Mitchell Travers (costume designer): Olga’s physicality is incredible, because she’s this gorgeous woman who, when she transforms into Abuela, carries her weight to one side of her body a bit more, slows her gait and does a slight limp. I didn’t want what she was wearing in this sequence to take away from all the work she was doing. We found one with a rectangular shape that was also vibrant enough to be interesting at the center of a frame.

We aged it down so it’d feel like she’s had it for over 20 years, as if it had been mended in a couple of places and washed in the sink of the laundromat over and over . And if you look really closely, you’ll see she wears a watch, which I imagined as belonging to her mother, and a little bracelet a child in the community had made for her. I wanted that pairing of the people who raised her and the people she was raising.
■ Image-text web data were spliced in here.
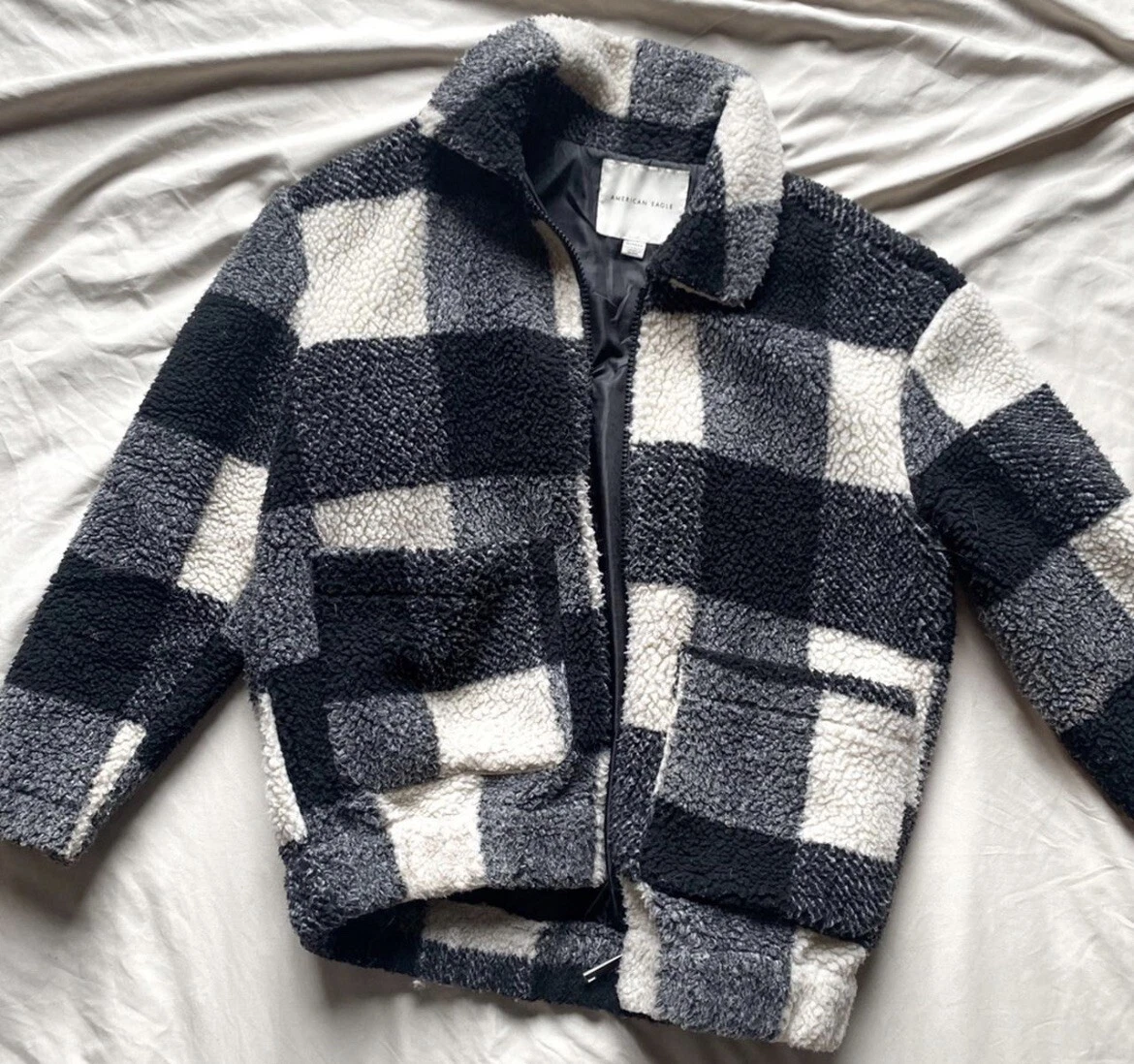 Teddy bear jacket american 2024 eagle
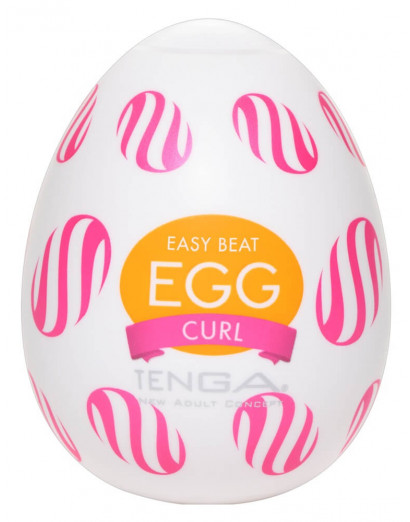 TENGA Egg Curl - maszturbációs tojás (1db)
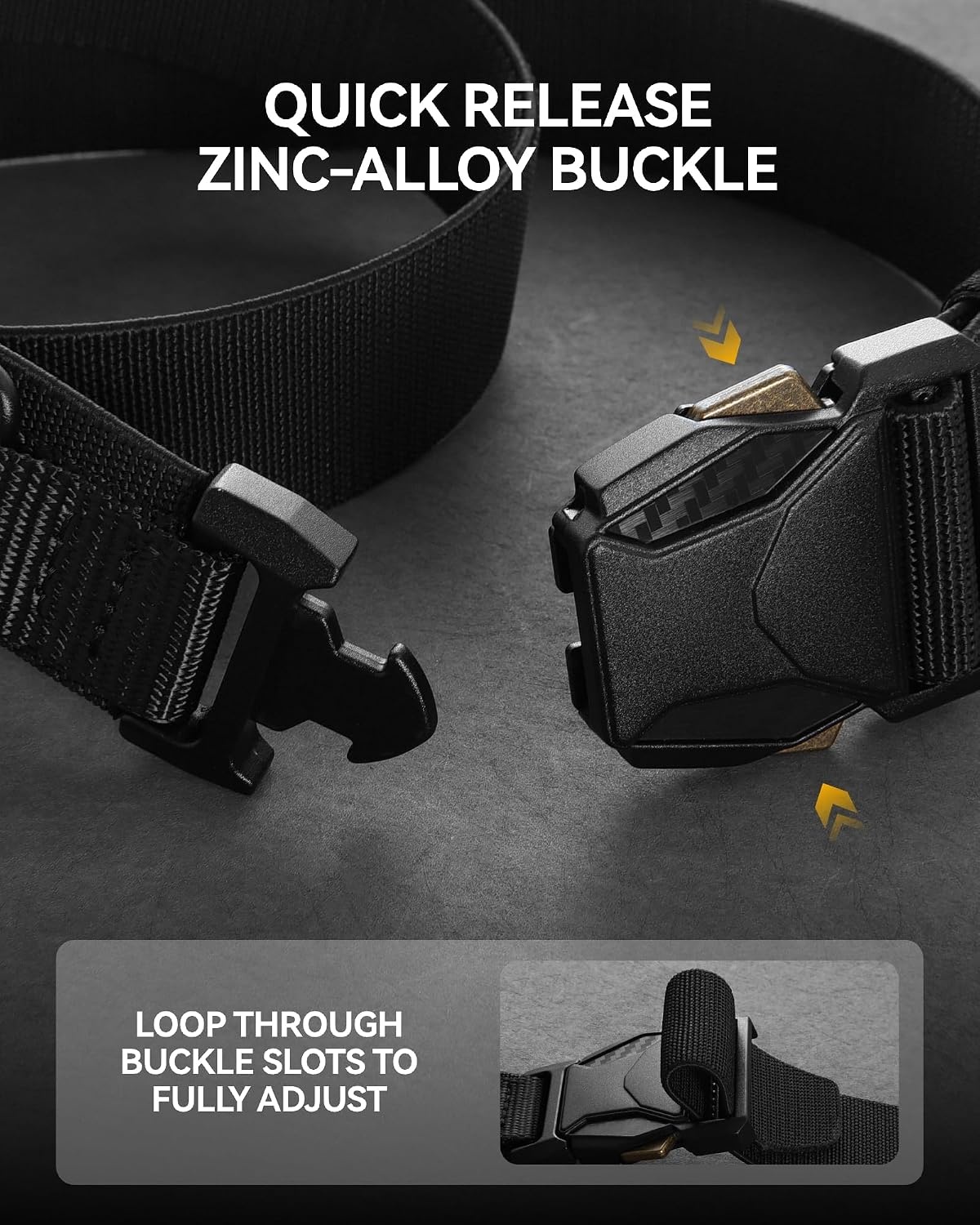 image:imageCHAOREN Riggers Belt Men 15 Tactical Belt with VRingRanger Green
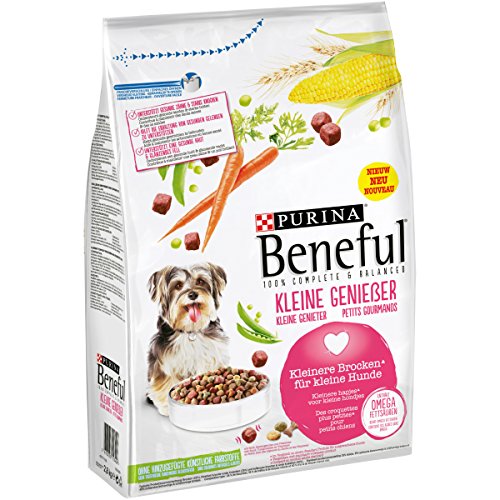Purina Beneful Hundetrockenfutter Kleine Genießer (mit Rind und Gemüse) 2,8kg Beutel Cover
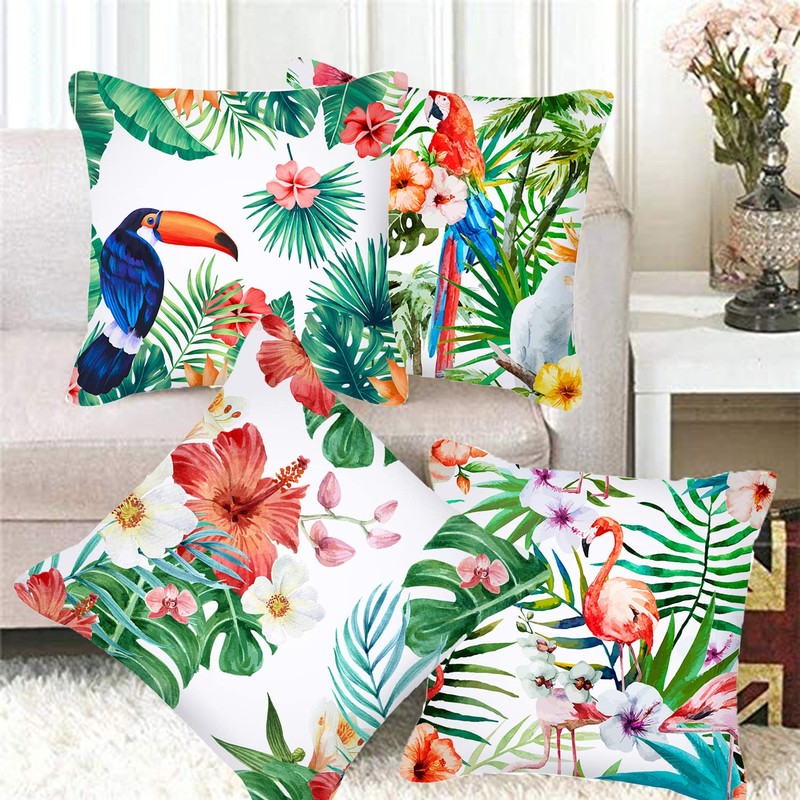 Home Decorative Throw Pillow Covers - Set of 4 Soft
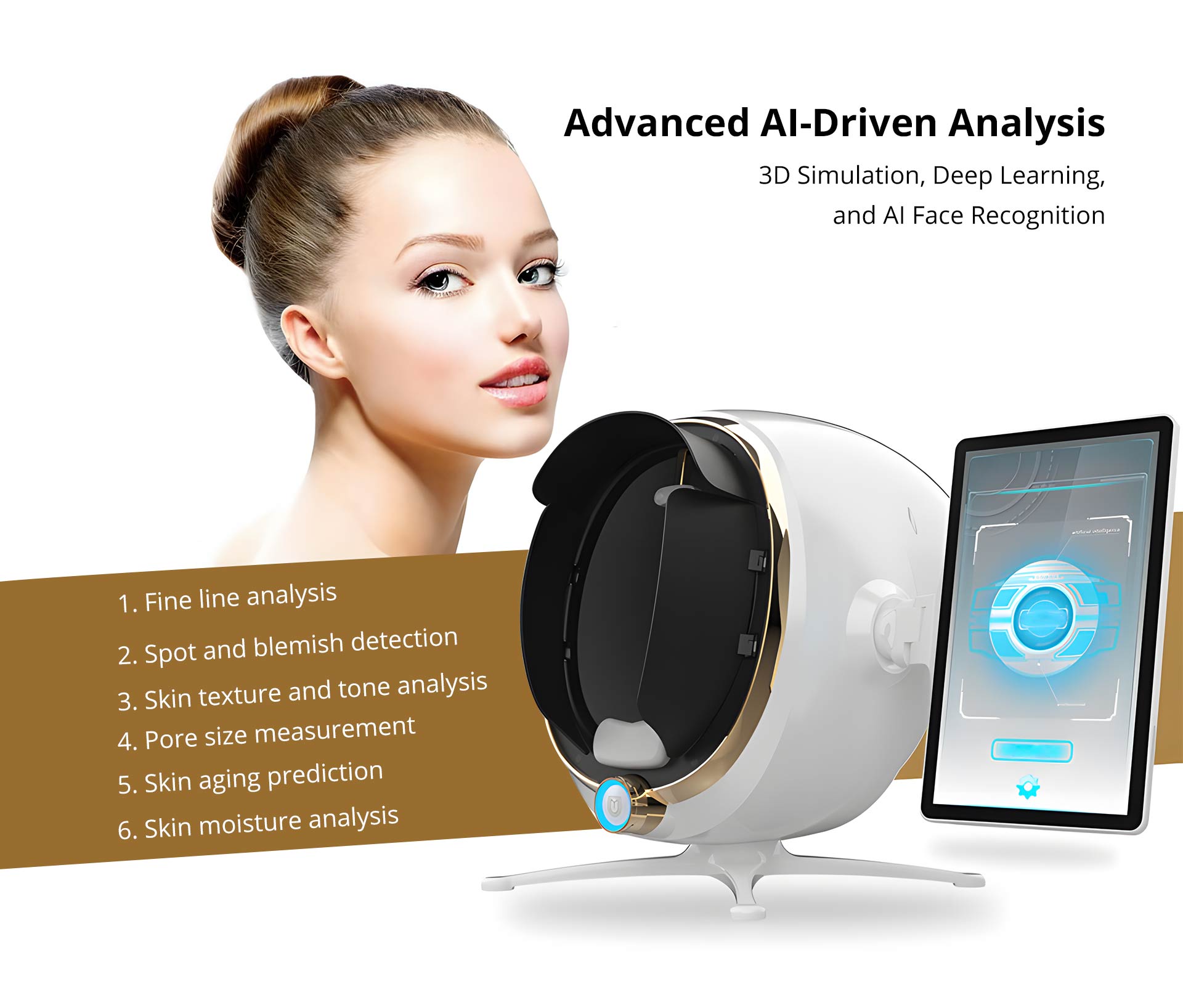 Shape Tactics Precision 3D Skin Analyzer with AI Face Mapping - Renee Lane Company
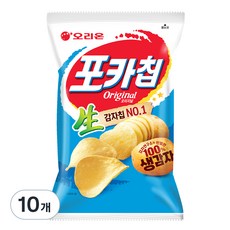 오리온 포카칩 오리지날, 66g, 10개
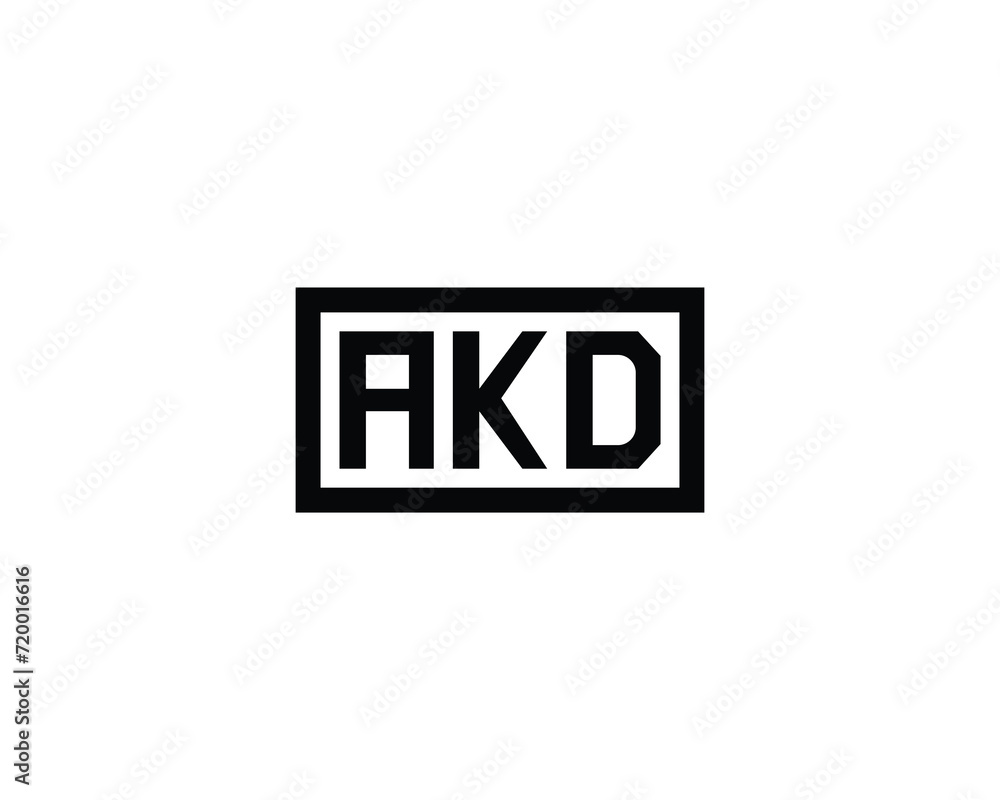 AKD logo design vector template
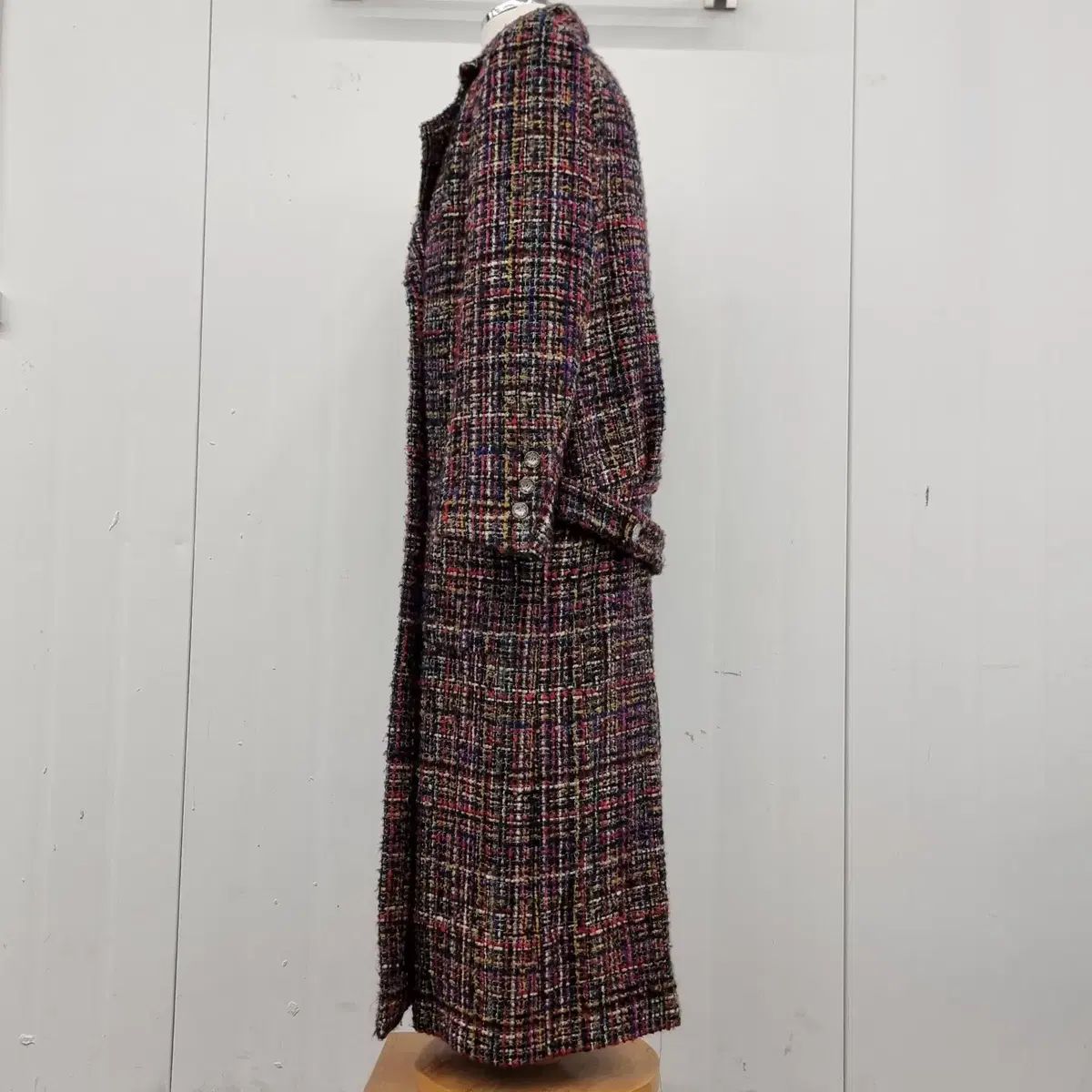 Brilliant シャネル生地ツイード ロングコート38 38 CHANEL(シャネル ) P71711 マルチカラー ツイード ロング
Miranda: When I was writing the section in Cuba, I called a family friend from there and asked, “What is the Washington Heights equivalent of Havana? Like, what is the immigrant working-class neighborhood there that she and her mother would be from?” All the details from that phone conversation are in the song.

Lacamoire: We wanted to honor the Cuban sound, so we have instruments like the tres guitar. The piano plays a montuno; the bass plays a tumbao rhythm. For the movie, we added three more horns than we had on Broadway. The real magic is the strings, which we never got to have on Broadway and make things sound cinematic in the best possible way.

Williams: For Cuba, I wanted to blend Afro movements with contemporary and salsa and mambo so that it felt as if you were transported. Like you can feel the energy and heat, but also the community. You get this interconnectedness, as if they were all relatives.

Travers: Jon wanted the dancers to look like memories, so we made costumes that were just simple enough so that it reminds you of that time in your life. Just the shapes of hats and silhouettes of the time periods. And we hid everyone’s hair so no specific features stood out, and just kept it about the movement.

Brooks: The MTA lets you use their cars but you cannot touch the lighting. But each car tells a different story, so we needed things to dim on and off as she exited a car, almost like a receding memory where things are in focus for only a moment. And we specifically wanted warm yellow light for Cuba and cold blue light for America. The gaffer had a brilliant idea to create boxes that held battery-operated LED lights that hid perfectly in the cars so we could get the cues we wanted.

Williams: In New York, you can almost hear the noise of all the rushing. It’s all about individuals scurrying around as if they had this tunnel vision of their own specific path.

Scott: There was a point where we were going to have dancers contorting inside telephone booths to show how cramped New York was, but we couldn’t get the permits to get them down there, so we used suitcases.

Brooks: I’m not a crier. I didn’t cry at my wedding, I didn’t cry when my child was born. But the first time I saw Olga get thrown down into the subway seat with people pounding on the windows, I just burst into tears to the point where I was shaking.

Merediz: Those dancers were amazing in the depths of the subway, when it’s 100 degrees outside and a very thin oxygen level down there. It was like going into the bowels of hell!

A group of people laugh and hug

Abuela Claudia (Olga Merediz, center) takes care of her community, played by Daphne Ruben-Vega, Stephanie Beatriz, Melissa Barrera, Gregory Diaz IV, Dascha Polanco and Jimmy Smits.